Further international recognition came at the end of the 2004–05 season, where his pace brought him a place in the England Sevens squad.

The 2005–06 season was set fair for Skirving to establish himself at the top level, making regular first team starting appearances and scoring his maiden try in the top flight. Further success came in the form of a debut at England 'A' level in February 2006, before a shoulder injury cut short his season.

Skirving's comeback in the 2006–07 season was hampered by a pre-season injury but he was soon a regular fixture in the starting line up, passing the 100 cap mark for the club during the year at the age of just 22.

His displays brought another call-up for the rebranded England 'A' team, now the England Saxons, to take part in the 2007 Churchill Cup, unusually to be held in England. Skirving though was to travel to South Africa to take the place of the injured Peter Buxton in the full England squad for their two test series against the Springboks. Skirving was not involved in the first test, but won his first England cap starting the second test on 2 June 2007.

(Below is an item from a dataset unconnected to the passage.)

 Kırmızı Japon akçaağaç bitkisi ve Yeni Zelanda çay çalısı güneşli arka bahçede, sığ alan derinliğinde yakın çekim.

He was called into the England Saxons squad to face Italy A in Ragusa, Sicily on 9 February 2008.

Skirving was one of 15 players told in February that they could leave Saracens at the end of the 2008–09 season.

On 16 April 2009, it was confirmed that Skirving had signed a two-year deal with Bath Rugby.

On 12 March 2013, Skirving left Bath to join Bristol in the RFU Championship for the 2013/14 season.

In September 2015, Skirving became the Head of Rugby at Hymers College, Hull. Then, in 2020, he accepted the position of Head of Rugby at the outstanding Churcher's College Senior School, located in Petersfield.